Qu’apporte encore cet élément liquide?

Il est lié au flottement, au mouvement, à l’immobilité et à l’apesanteur que nous avons expérimenté par tout un entraînement composé entre autres de plongées en apnée lors de la préparation de la pièce. L’eau favorise l’abandon de la gravité, si ce n’est une relation différente à un corps en apesanteur.

Tout cela vient aussi de l’univers du ballet classique. Pour mémoire, lorsqu'une nymphe s’extrait de l'eau, cela peut représenter une transition ou un passage entre deux mondes. Le monde aquatique souvent lié à l'inconscient, aux émotions et au mystère, et celui de la terre, la réalité tangible, où les nymphes semblent être parfois dénuées de corporalité.

Cela peut ramener notamment au cas de personnes en butte de nos jours à l’anorexie. C’est aussi un volet psychologique consistant à voir comment s’entrainer et vivre dans l’eau. Cela en imaginant une forme de futur dystopique consistant à ne plus respire l’air à la surface terrestre.

Pourquoi dès lors ne pas imaginer être heureuse tout en étant immergée dans l’eau?


Pour le décor...

C’est une approche scénographique qu’il a fallu développer dès les prémices de la création, pour des questions logistiques à long terme de production d’aquariums et d’une piscine. L’idée? Convoquer le plus d’eau possible au plateau.

Et faire que les interprètes soient plongées ou évoluent dans cet élément le plus longtemps envisageable au fil du spectacle. Et voir les caractères et personnages que l’eau peut amener. Il faut ainsi interroger la supposée qualité maternelle de ce liquide amniotique connecté avec l’idée de fertilité. Sa fluidité.





D’autres dimensions?

Oui. Nous ne cachons pas le côté violent rattaché à l’eau. Sa part d’inconnu, de mystère et d’abysse. Il existe aussi tout une composante environnementale liée à cet élément devenu menacé, rare et précieux. Cela nous a conduites à travailler aussi avec une distribution composée d’enfants.

La raison? Pouvoir convoquer au plateau différents points de vue générationnels autour de sujets gravitant autour de l’eau.

Sur les témoignages contemporains et véridiques sur le viol, l’anorexie et les abus dans Ophelia’s Got Talent?

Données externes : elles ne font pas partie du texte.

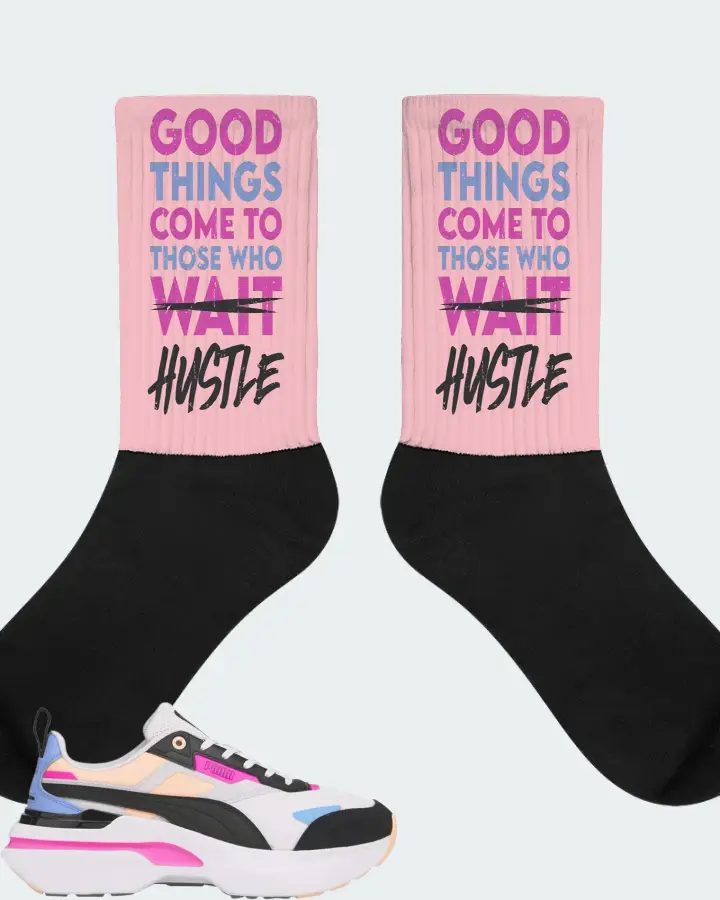 Puma Kosmo Rider Bright White Grey Violet  Sneaker Matching Pink Socks - Good Things Come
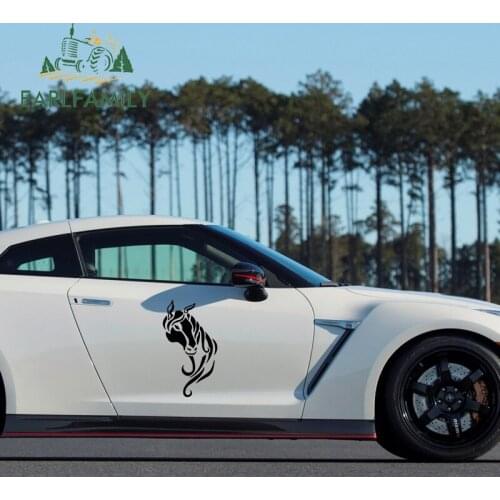 EARLFAMILY 58cm x 32.5cm Vinyl Reflective Big Car Sticker Tribal Horse Head Door Vinyl Car Accessories Fine Decals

Si les traumatismes portés par des artistes féminines sont très présents sur les scènes européennes et pourraient sembler «à la mode», le spectacle rappelle que ces traumas s’inscrivent dans une longue lignée d’histoires narrées depuis la Grèce antique et au gré de l’histoire de l’art.

Que l’on songe particulièrement à Léda brutalement violée par Zeus sous l’apparence d’un cygne. Nous transposons ces violences faites à des figures mythologiques au cœur de notre aujourd’hui. Mais naturellement selon d’autres perspectives.





«L'eau qui est la patrie des nymphes vivantes est aussi la patrie des nymphes mortes. Elle est la vraie matière de la mort féminine», écrit Gaston Bachelard dans L’Eau et les rêves. Dans Ophelia’s Got Talent, l’eau est aussi porteuse d’une renaissance féminine.

C’est très juste. Le philosophe français des sciences a évidemment occupé une place de choix parmi nos nombreuses lectures. Nous sommes un groupe d’interprètes qui se connaissent bien et ont l’habitude de travailler ensemble. Souvent depuis longtemps. Nombre d’éléments de cette création ont ainsi émergé au fil de nos échanges et discussions.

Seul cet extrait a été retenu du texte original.